**WHAT THE TASK ASKS**
Beginning with the line that contains "5 Draper Drive, St.", repeat each line exactly through the end of the listing below. Pictures stay out.

**GIVEN MATERIAL**
╔══

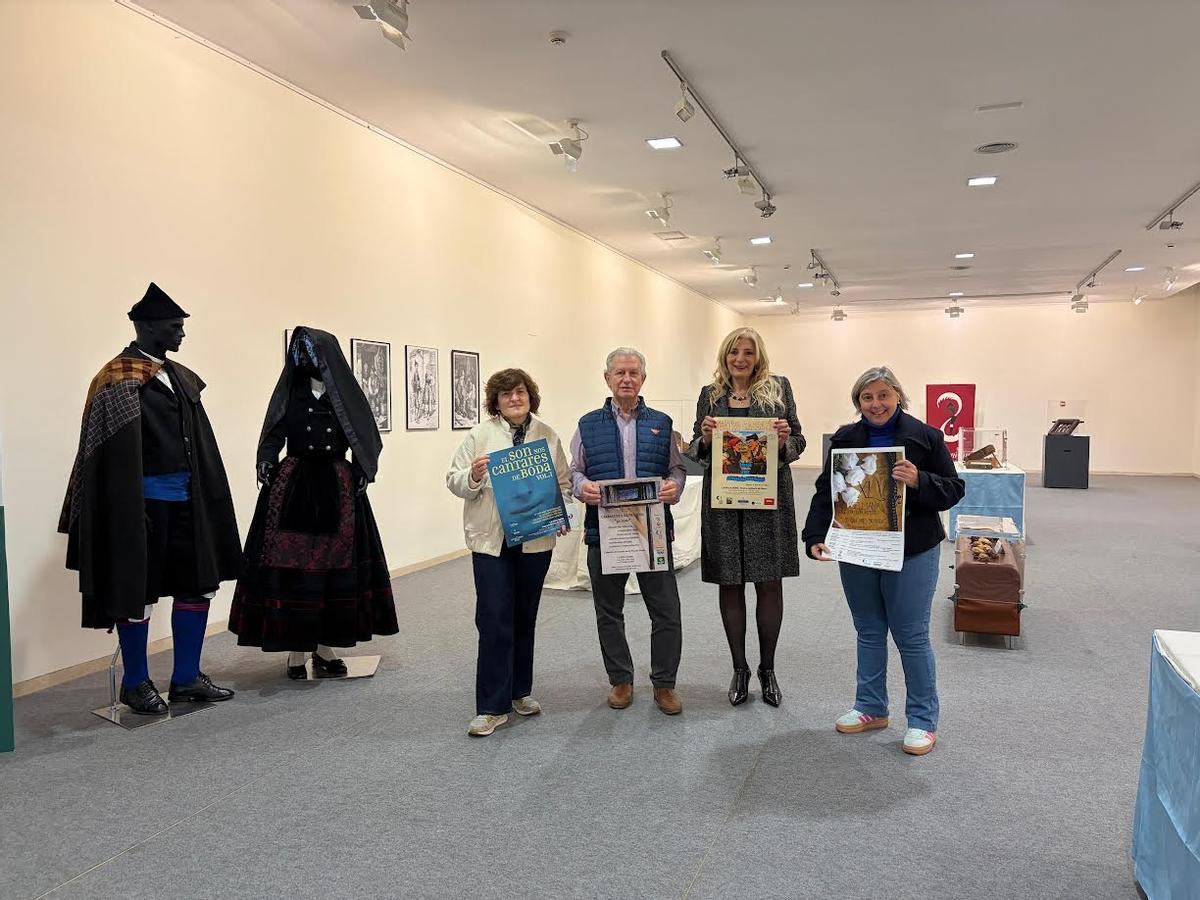 Por la izquierda, Carmen Quirós, Joaquín Ruíz, Aurora Cienfuegos e Isabel González, durante la presentación.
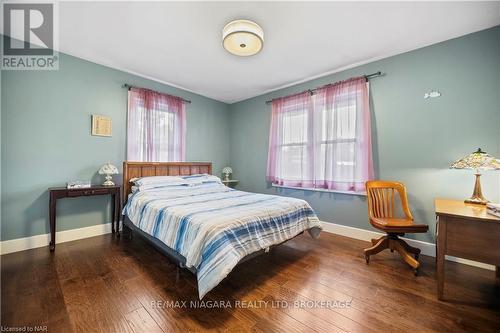 5 Draper Drive, St. Catharines, ON - Indoor Photo Showing Bedroom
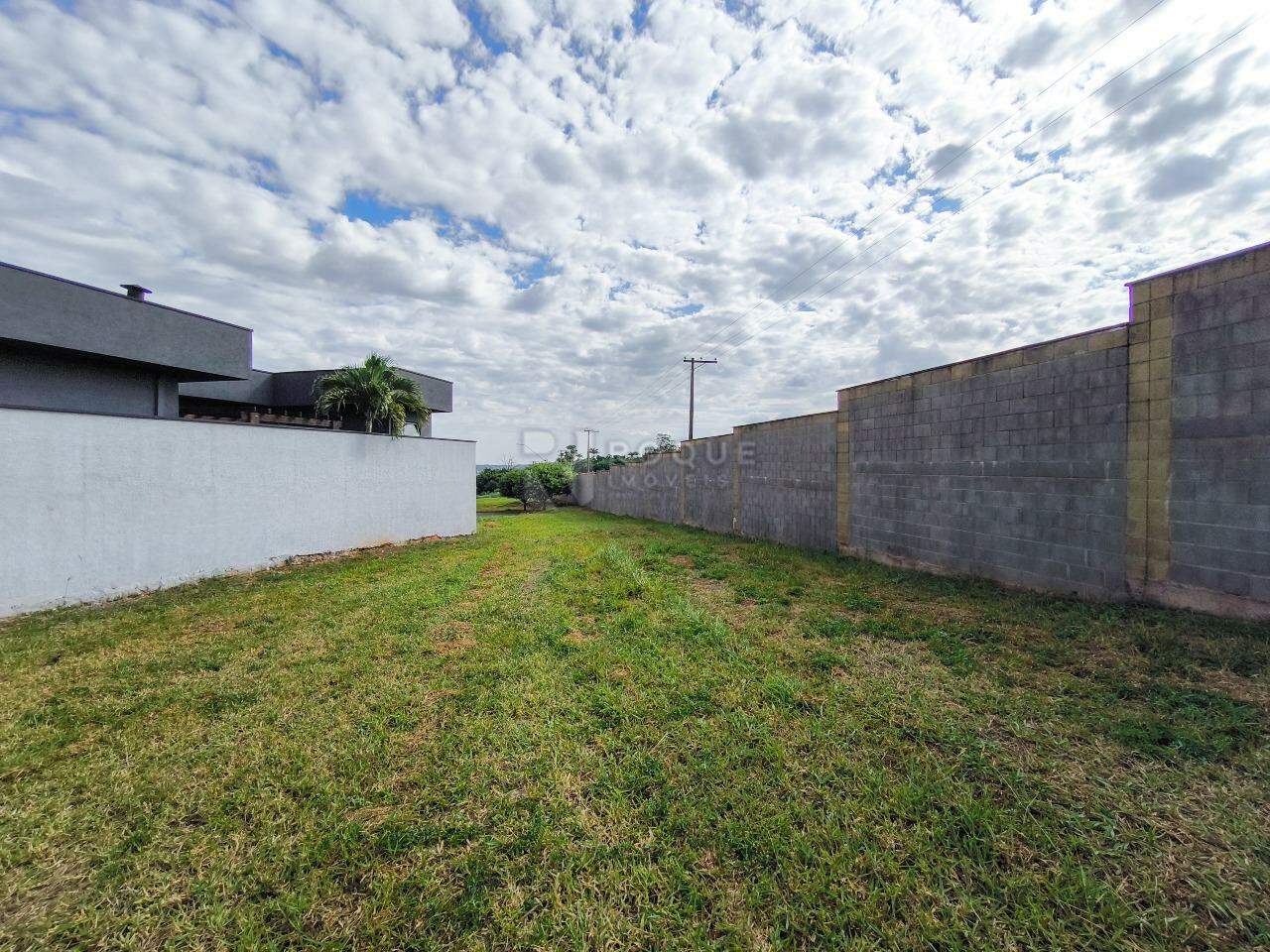 Terreno em condomínio à venda no bairro Residenciais Fazenda Itapema:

╚══

**OUTPUT OF THE TASK**
 5 Draper Drive, St. Catharines, ON - Indoor Photo Showing Bedroom
 Terreno em condomínio à venda no bairro Residenciais Fazenda Itapema:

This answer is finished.